A novela de 1929 "Mendel, o Livreiro", do escritor austríaco Stefan Zweig, conta a história de Jacob Mendel, um homem obcecado por livros, cujo extraordinário conhecimento bibliográfico acaba transformando-o numa espécie de instituição entre estudantes e colecionadores de Viena.
Nascido nos arredores de Petrikau, cidade polonesa então sob domínio russo, Mendel mudou-se ainda jovem para a capital austríaca, seguindo um percurso comum a muitos judeus da Europa Oriental que, no início do século 20, buscavam melhores condições de vida.
Em Viena, ele trocou os estudos para o rabinato pelo conhecimento secular e tornou-se vendedor de livros usados.
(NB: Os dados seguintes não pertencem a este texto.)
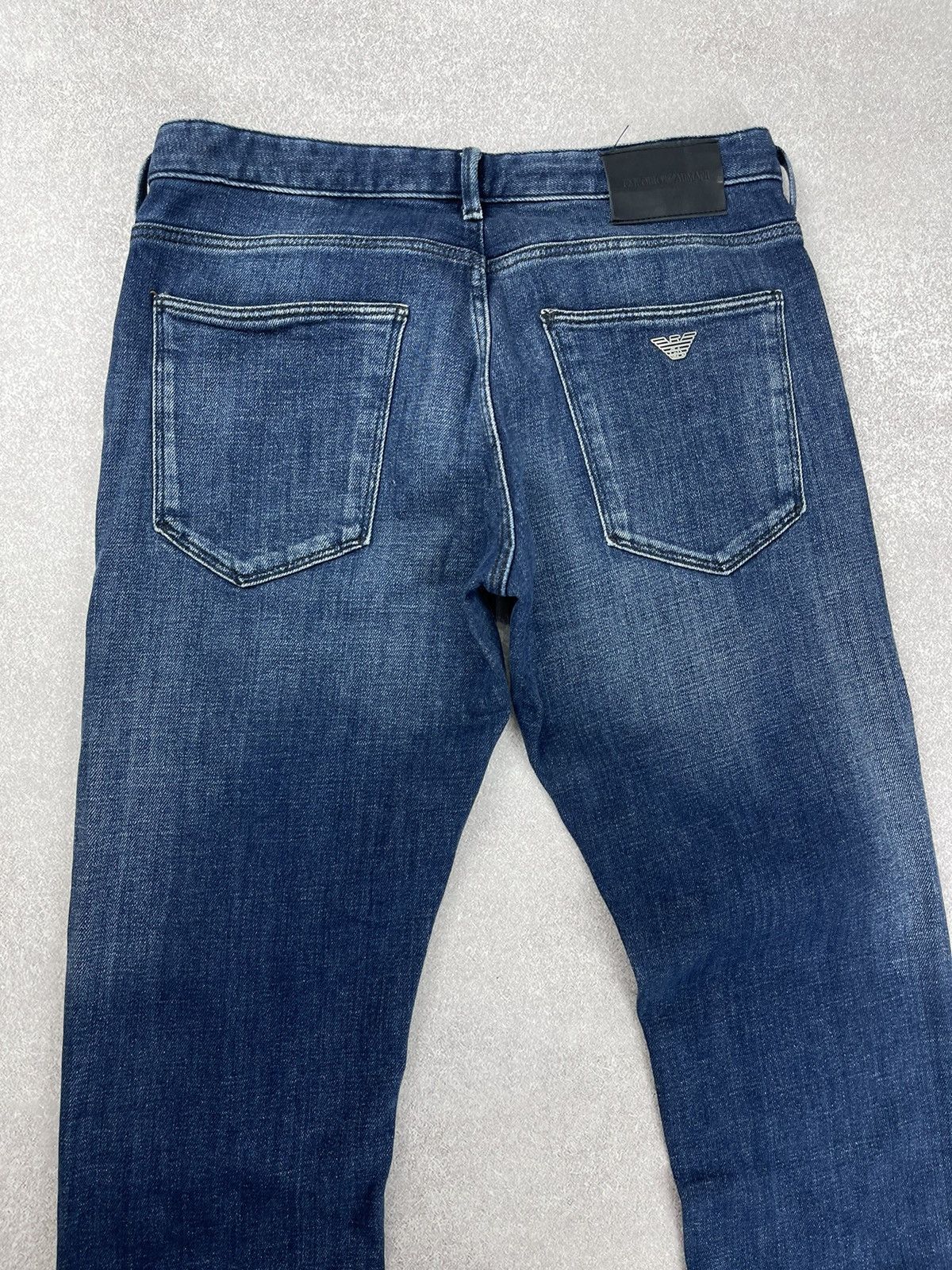 Emporio Armani Emporio Armani Denim Blue Jeans Size 31x34 Size US 31 - 10 Thumbnail
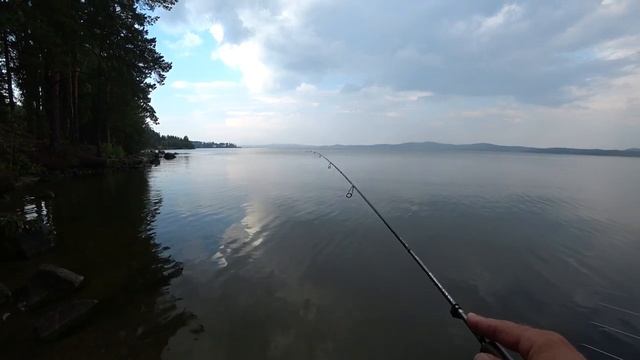Окунь на микроджиг. Окунь на фидер. Таватуй. Осенняя раздача окуня. Рыбалка на Таватуе в грозу. смотреть онлайн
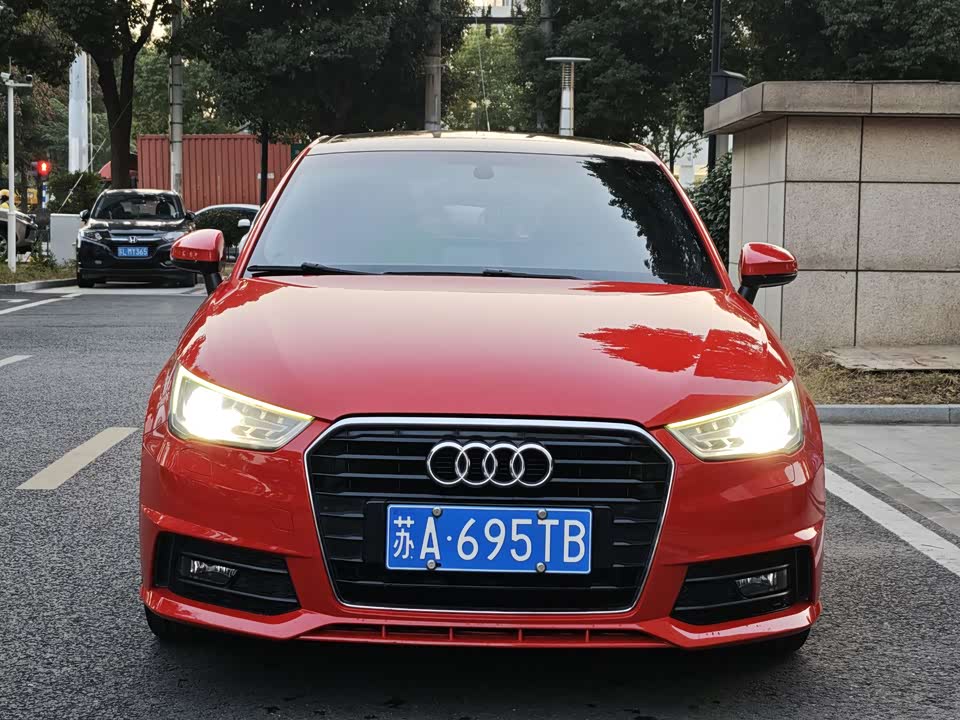 Audi A1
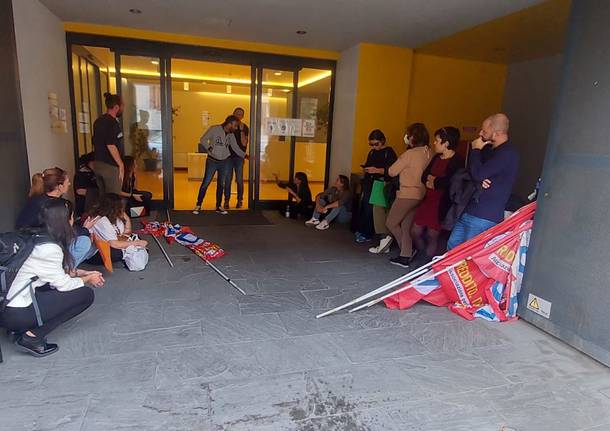 manifestazione vincitori di concorso per stop al trasferimento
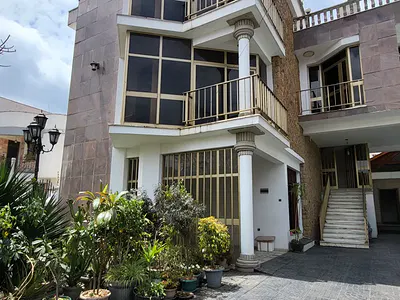 Family Home Old Airport — Nifas Silk-Lafto, Addis Ababa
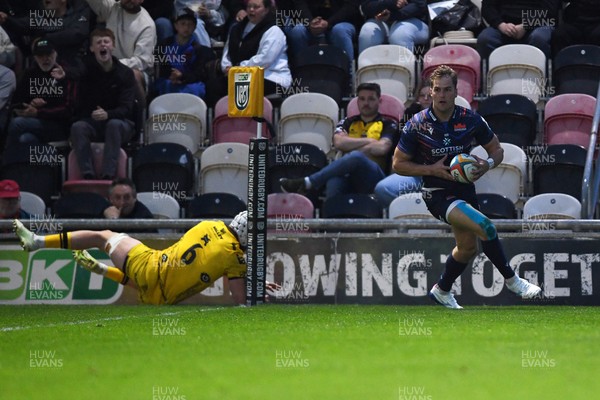090526 - Dragons RFC v Edinburgh Rugby - United Rugby Championship - Duhan Van Der Merwe of Edinburgh runs in to score a try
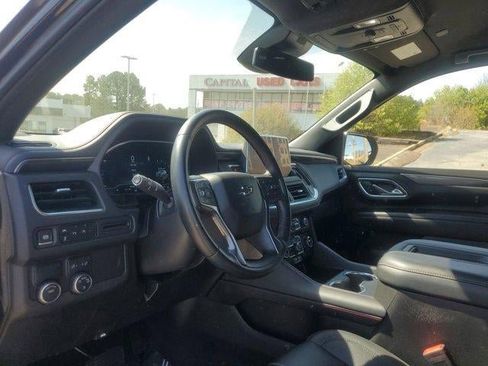 Used 2024 Chevrolet Suburban RST RWD image 15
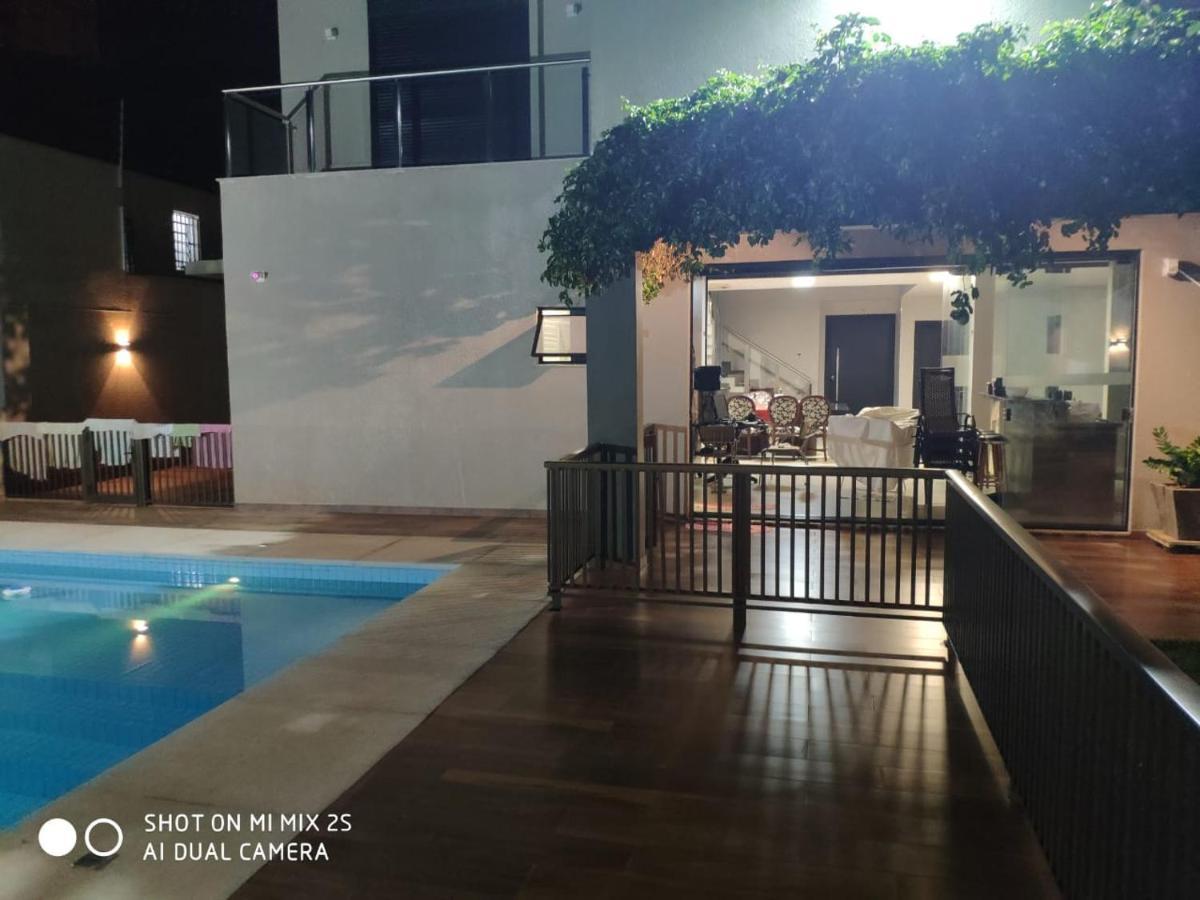 Casa Moderna No Centro Proxima A Atracoes Turisticas Villa Foz do Iguacu Ngoại thất bức ảnh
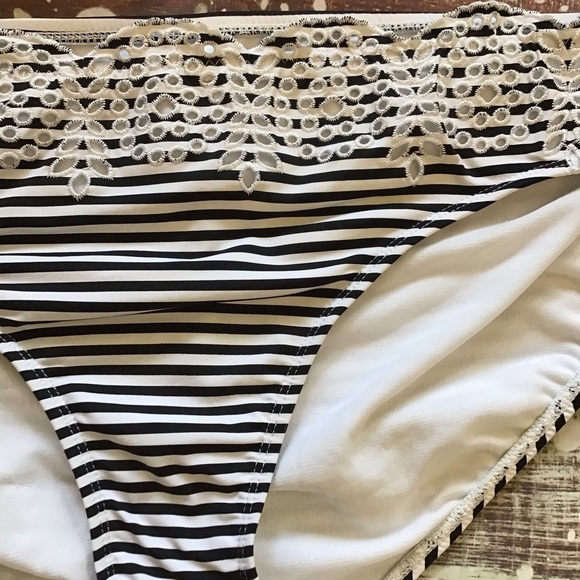 Time and Tru Black and White Striped Eyelet Ruffle Bikini Set Size L-XL - Picture 6 of 11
No entanto, como não estava autorizado a abrir uma livraria, passou a exercer o ofício em um café de bairro, onde recebia clientes e respondia a consultas bibliográficas.
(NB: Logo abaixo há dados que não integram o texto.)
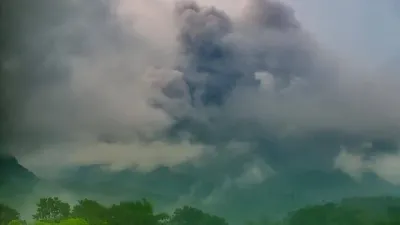 Merapi Luncurkan Awan Panas Guguran Pagi Hari, BPPTKG Perbarui Peta Bahaya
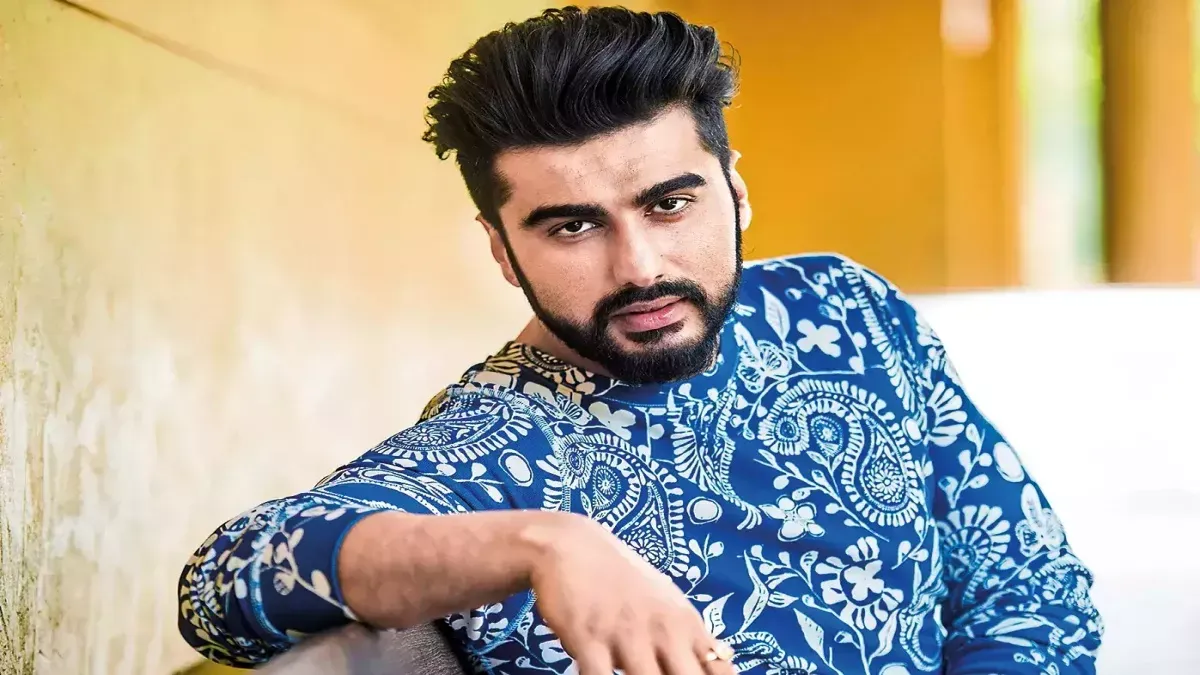Arjun Kapoor Net Worth: Arjun Kapoor has a luxurious house and luxury cars, you will be shocked to know his monthly earnings - Arjun Kapoor Net Worth Luxury houses luxury vehicles Arjun Kapoor s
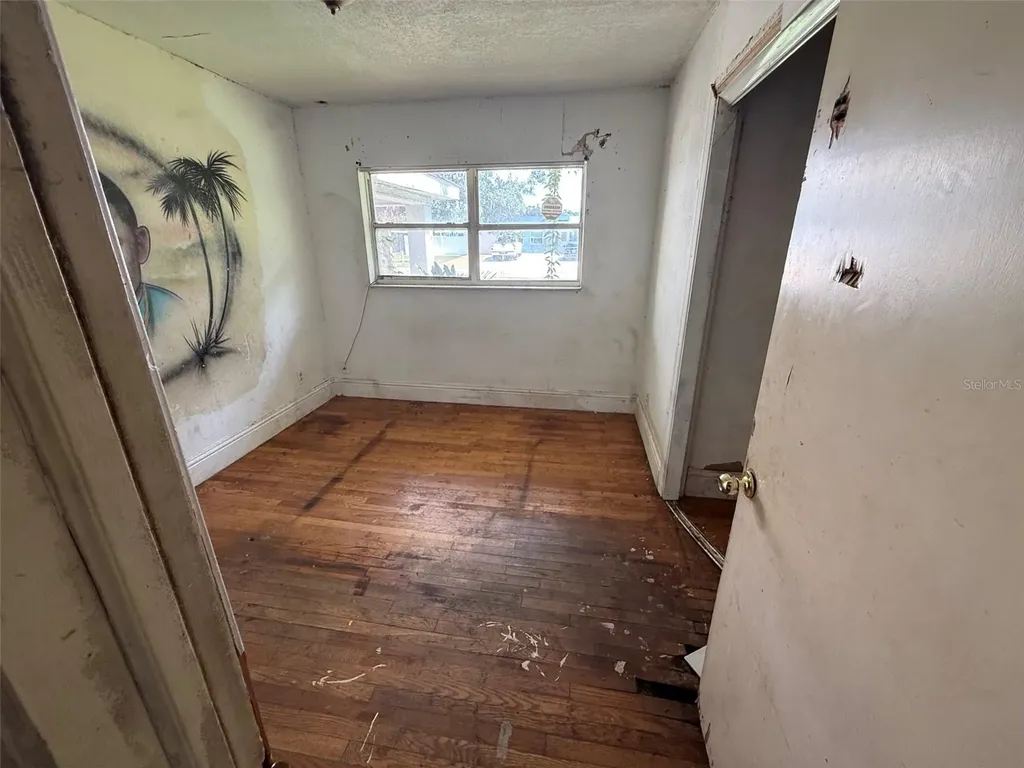 2522 Lake Ellen Lane Tampa FL 33618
Às vésperas da Primeira Guerra Mundial, Mendel passava seus dias sentado à mesa do café, lendo catálogos editoriais e revistas especializadas, como quem estuda uma página de Talmud, murmurando o texto em uma cadência ritmada até fixá-lo em sua prodigiosa memória.
Independentemente da procedência de um livro ou da obscuridade de seu autor, Mendel era capaz de localizar qualquer publicação, tornando-se, por isso, um recurso mais confiável do que os principais bibliotecários da cidade.
Sua reputação entre os bibliófilos era tão grande que, embora nunca consumisse mais do que um ou outro pãozinho ou bebida quente, o dono do café tolerava sua presença, pois ela movimentava ainda mais o estabelecimento.
A eclosão da guerra marca a decadência do personagem. Completamente alheio ao que se passava na Europa, Mendel permanece imerso em seu trabalho e tenta se corresponder com editores e alfarrabistas de países inimigos.
Preso sob suspeita de espionagem, a situação do vendedor de livros torna-se ainda mais delicada quando as autoridades descobrem que, apesar de residir em Viena havia mais de 30 anos, ele jamais se preocupara em adquirir a cidadania austríaca.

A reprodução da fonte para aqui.